TASK REQUIREMENTS:
What you write must match, character for character, the lines from the one with "وام دندانپزشکی تا۳۰۰میلیون" down to the one with "Expert Lists Preventive" in the listing below, minus its pictures.

THE RECORDS:
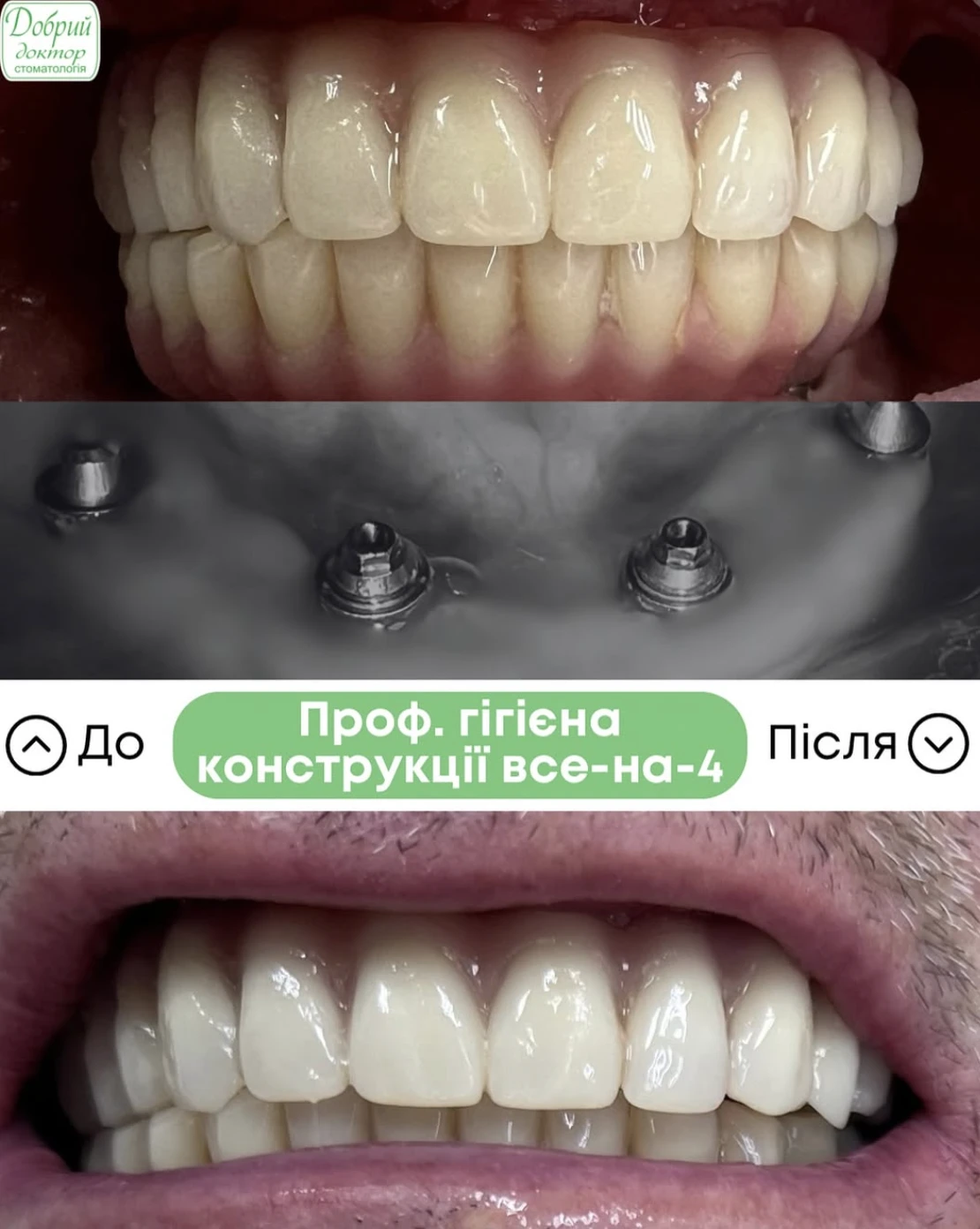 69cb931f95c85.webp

...

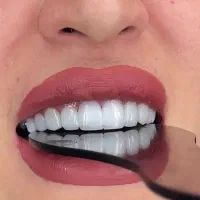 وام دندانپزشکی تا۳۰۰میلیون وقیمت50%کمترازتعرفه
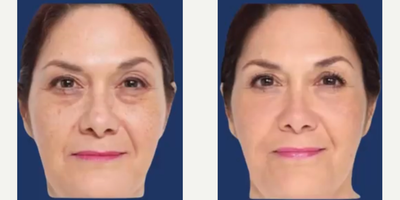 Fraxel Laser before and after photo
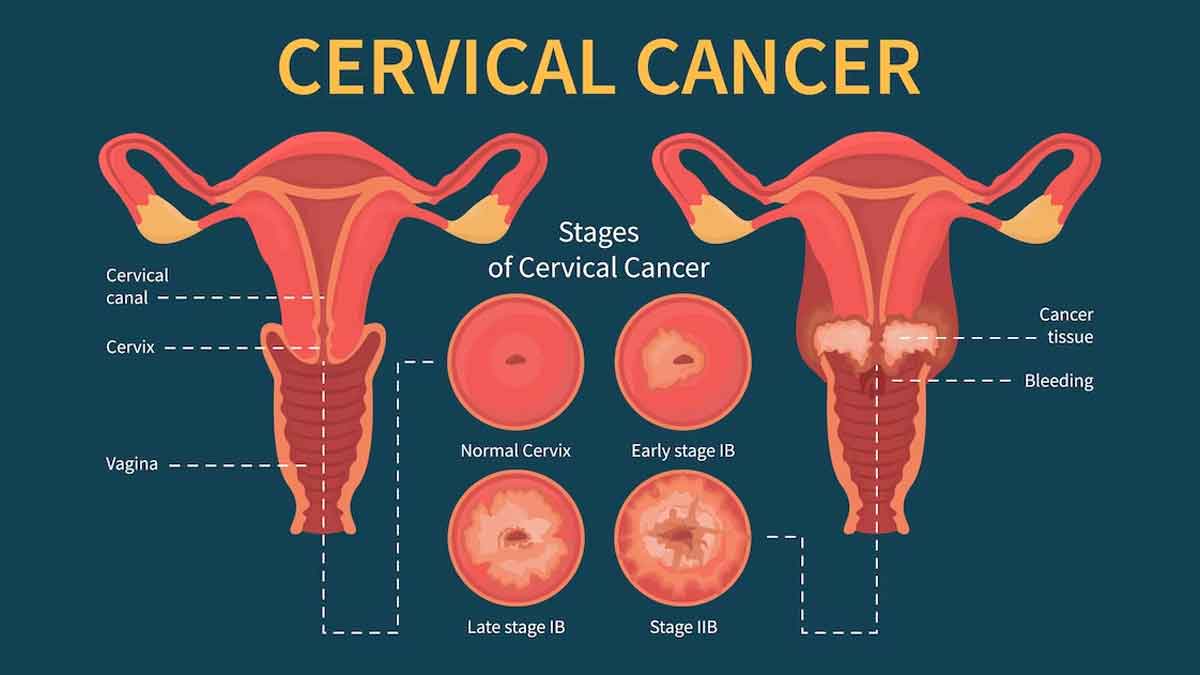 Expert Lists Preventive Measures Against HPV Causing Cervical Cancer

==

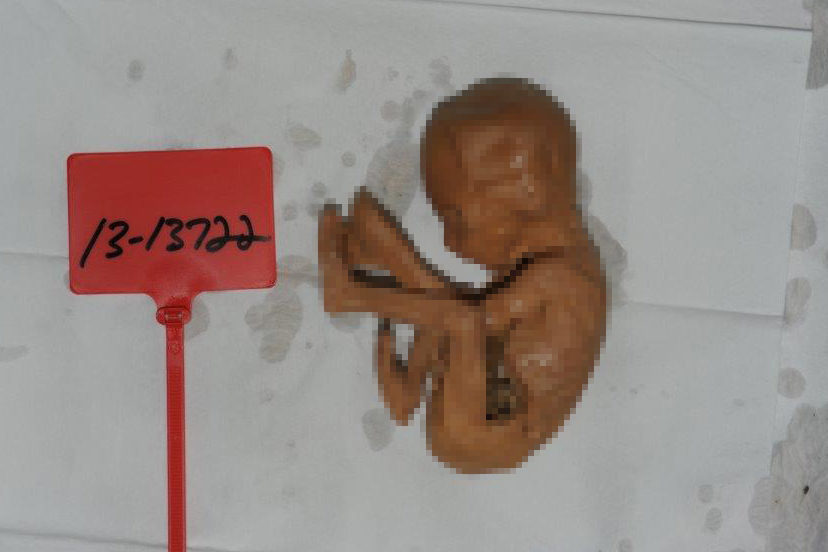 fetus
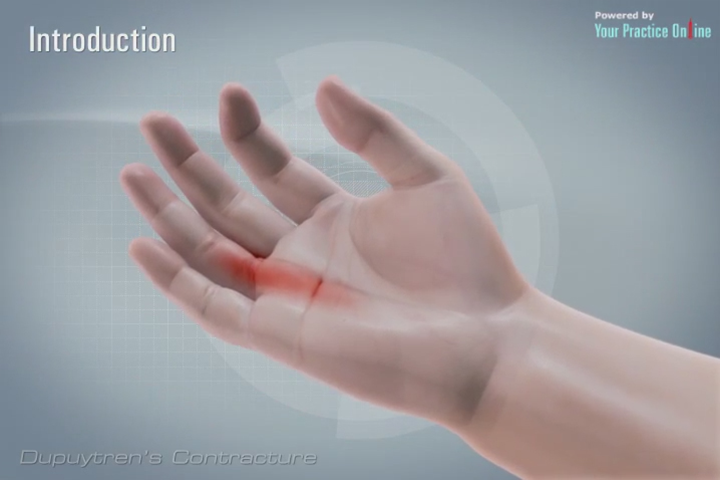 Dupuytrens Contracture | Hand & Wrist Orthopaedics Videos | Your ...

TASK RESULT:
 وام دندانپزشکی تا۳۰۰میلیون وقیمت50%کمترازتعرفه
 Fraxel Laser before and after photo
 Expert Lists Preventive Measures Against HPV Causing Cervical Cancer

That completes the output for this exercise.